- [EXERCISE OBJECTIVE]: The expected response is the complete listing below, restated exactly, with its pictures omitted.

- [PROVIDED DATA]:
==================================================
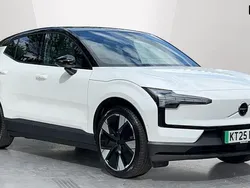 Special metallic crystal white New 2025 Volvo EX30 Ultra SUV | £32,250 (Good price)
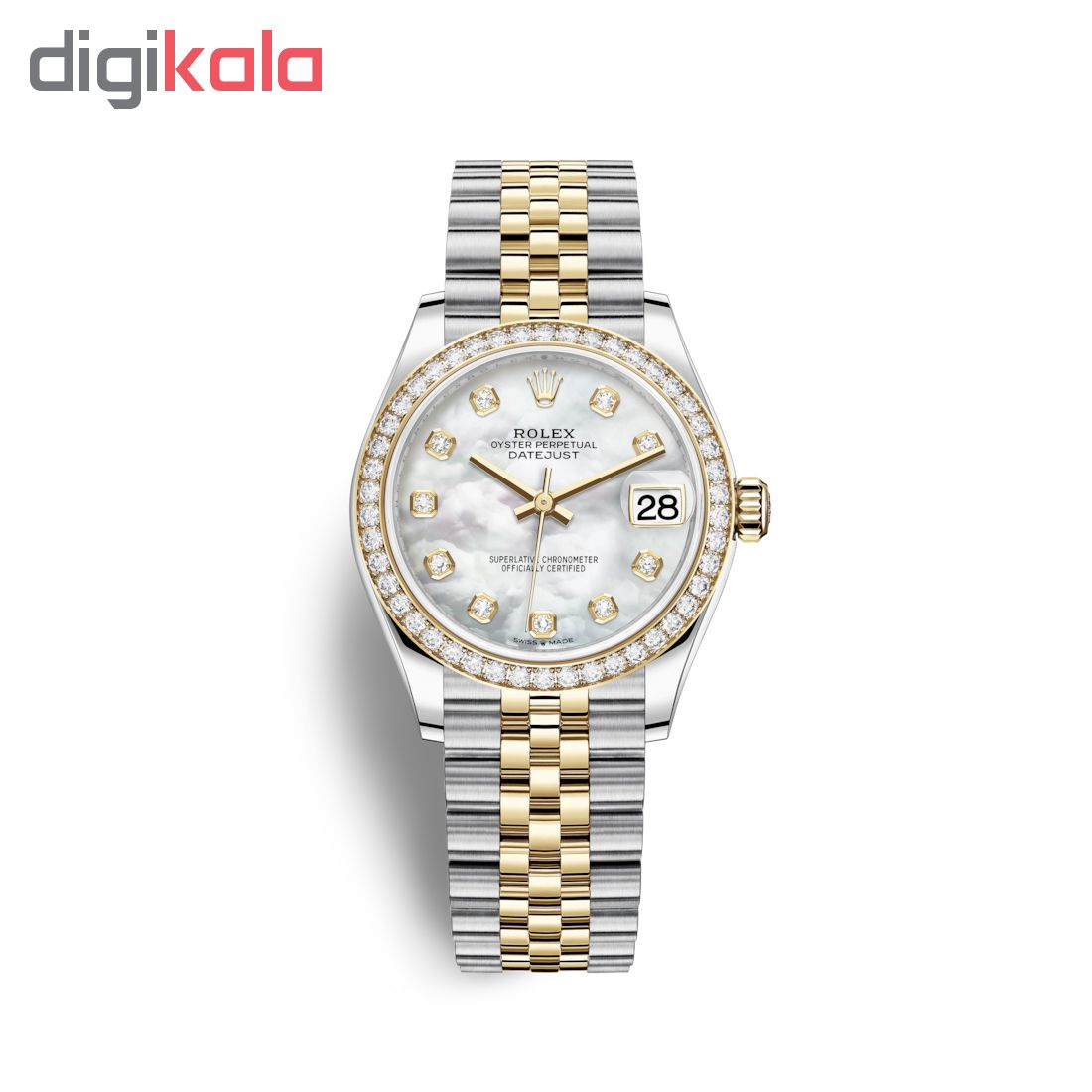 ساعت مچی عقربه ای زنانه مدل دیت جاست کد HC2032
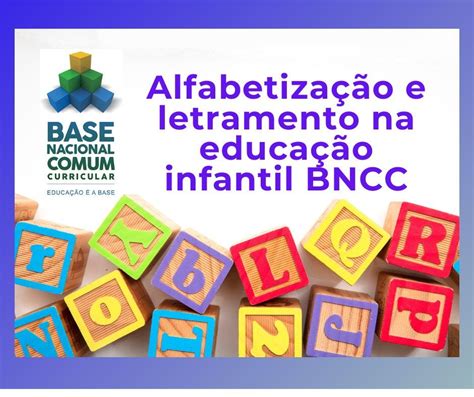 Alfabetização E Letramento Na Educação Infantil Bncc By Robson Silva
==================================================
- [ANSWER TO THIS TASK]:
 Special metallic crystal white New 2025 Volvo EX30 Ultra SUV | £32,250 (Good price)
 ساعت مچی عقربه ای زنانه مدل دیت جاست کد HC2032
 Alfabetização E Letramento Na Educação Infantil Bncc By Robson Silva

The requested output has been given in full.